Coronavirus: Advice on farm staff safety and harvest labour

The coronavirus pandemic has put a new focus on family and worker safety and wellbeing as it rampages through communities.

In a work context, the virus is a health and safety issue, falling under the general duty of care of employers to provide a safe working environment.

“Your primary driver should be adherence to safety law and to the basic principle of protecting your team and, indirectly, their loved ones, some of whom may well be classified as vulnerable,” says Oliver Dale, managing director of consultancy Safety Revolution.

See also: Coronavirus advice for managing and keeping staff safe

For example, many farmers and their workers live with aged parents or other family members who may also have serious underlying health conditions.

Preventing infection

Employers need to demonstrate that they have taken all steps so far as reasonably practicable to prevent workers from becoming infected.

“This principle and its effective implementation will also be critical to defending any claims from employees where they allege that they have been infected at work,” says Mr Dale.

“These scenarios may seem extreme or currently on the periphery of the Covid-19 crisis, but they could, as the pandemic unfolds and as the wider consequences come more to the fore, become very real situations that will need to be addressed.”

Make contingency plans

Key workers on farm may have specialist skills or experience and contingency plans must be made in case they fall ill, are injured, or have to go into isolation.

The relatively small, specialist teams working on most farm types mean it’s important to consider what would happen in such circumstances.

Regular reviews help keep things straight

  • Keep up with government guidance on Covid-19.
  • Ensure that you or your managers give all employees and workers clear guidance, with regular updates on correct use of equipment, social distancing, basic hygiene and segregation of activities wherever possible.
  • Regularly refresh and record these communications.
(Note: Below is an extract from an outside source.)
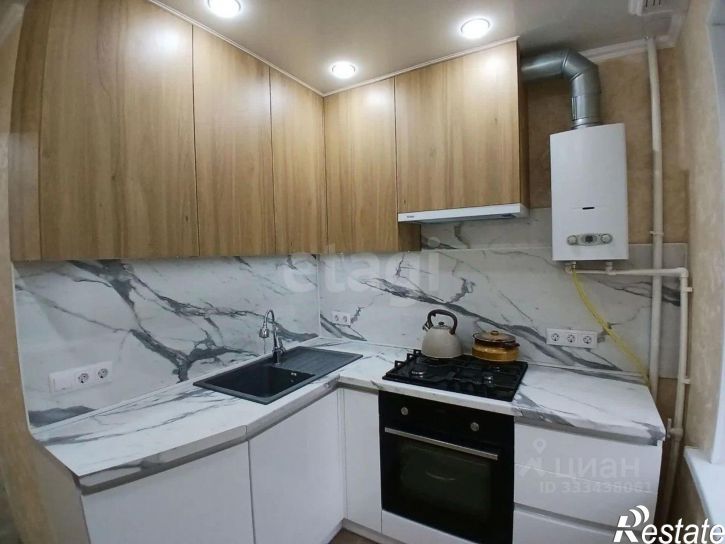 3-комн квартира ул 60-летия Октября, 17,  д. 17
It will be important to be able to prove that these basic controls have been implemented effectively and daily disciplines maintained, says Mr Dale.
  • Employers must not only set out policies, they must also monitor that they are being adhered to and not simply devolve this to staff.

This applies equally to all farm types, but for arable businesses, this time before harvest provides a good opportunity to review roles and capabilities.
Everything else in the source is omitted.